We have 2 servers at a remote data center with mySQL databases and have another single server locally.  So that we can maintain "real time" working copies (back-ups) of the mySQL databases, we would like to configure the remote mySQL instances as masters and have the single server, which can communicate with the remote servers via our WAN, act as a "slave" for both mySQL instances.  Is this possible?  I have been told that we need 2 separate servers locally to act as slaves and that we cannot have both mySQL slave instances on the same server.  Is this correct?


Thanks in advance

----------


## FBI

Hi,

I have a tough time to understand your question.  What i understood from your post is


*1st part of the question
==================
*
"You have a two remote servers and one local servers.  

Master -> Remote Servers
Slave  -> Local  Servers


You want to do master-slave replication.

If this is your question, then the answer is yes.  Its possible to configure master-slave replication.

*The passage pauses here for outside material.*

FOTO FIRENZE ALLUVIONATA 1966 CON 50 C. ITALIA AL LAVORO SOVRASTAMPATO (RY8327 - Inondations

I hope for connecting the remote servers, you need some configurations of VPN or WAN is also a better choice.  But i dont have a idea on how to access the same thru WAN.

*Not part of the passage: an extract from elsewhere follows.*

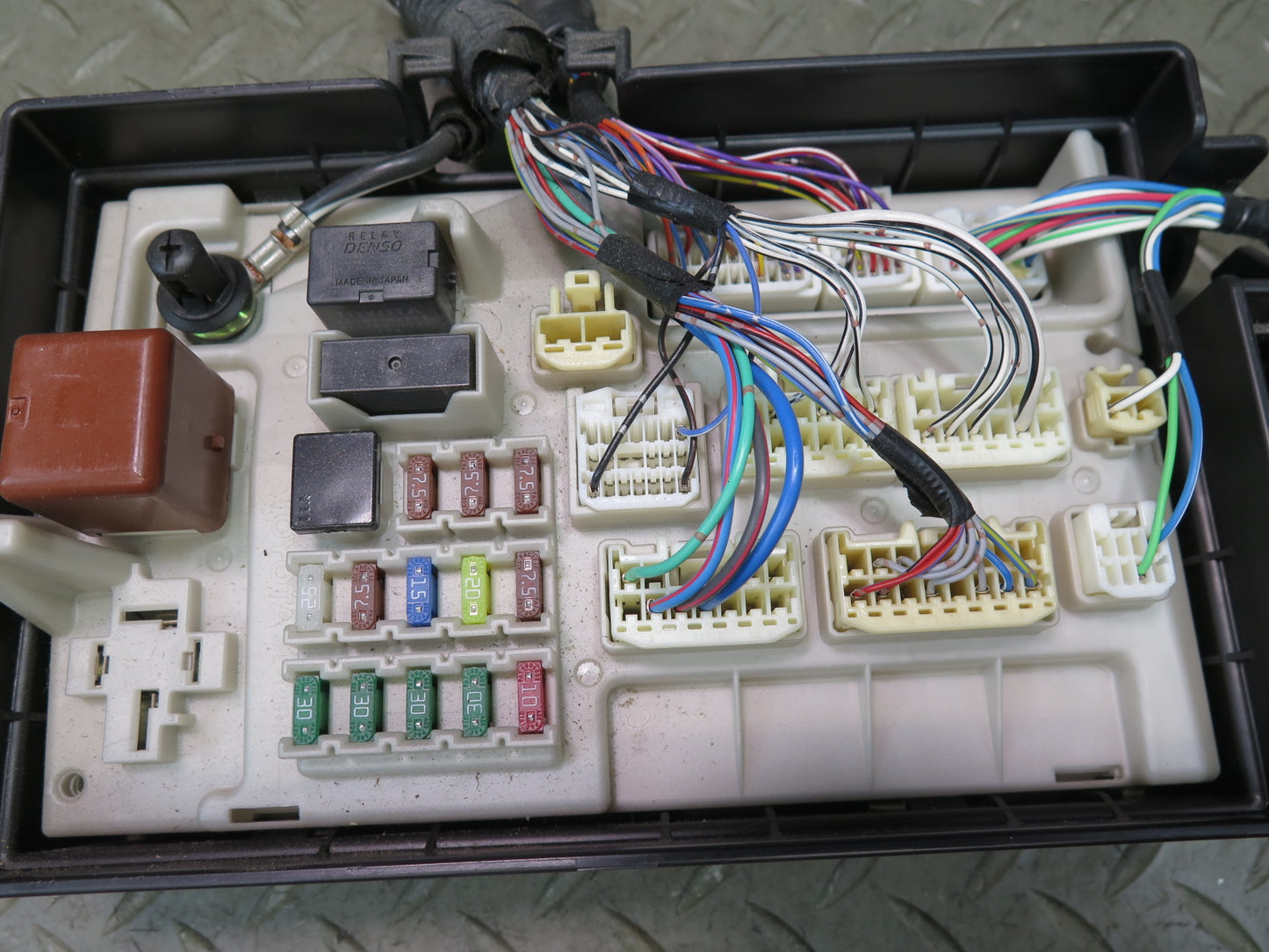 01-03 Lexus LS430 UCF30L Rear Trunk Junction Fuse Relay Box 82670-50073 OEM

Here i have a doubt on both mysql instance(*does it mean the instances on two remote servers or what do you mean here as both mysql instances*)
*
2nd Part of the question
==================*

Please give some more precise notes on your second question

Thanks

----------


## kylesbigdog

FBI,
Thanks for responding.  While I am not the one who configured this, I had been told that you cannot have a single server act as the slave for two mySQL masters.  What we are trying to accomplish is to have replication of the mySQL databases currently running on two remote servers, to a single local server.  
From a connectivity standpoint, this is already in and working over a WAN connection.

Thanks.

----------


## FBI

Yes, it is possible to make replication slave for two mysql masters.  We can do it by running two mysql instances with different port.

Here

Slave -> single server
Master -> 2 server(remote)

Here is the way to configure the same

Let me explain with example

Remote server1 -> A (master 1)
Remote server2 -> B (master 2)
Local -> C (slave)


Master 1 running in port 3306 and Master 2 also running in the same port (3306)

Create two mysql instances say, mysql_3306, mysql_3307 for slave which is running in port 3306 and 3307 respectively.

Hope you know about configuring the mysql replication.

mysql_3306 instance must be connected with [A] master1
mysql_3307 instance must be connected with [B] master2.

By this way, you can configure the replication for master-master-slave replication

Thanks

----------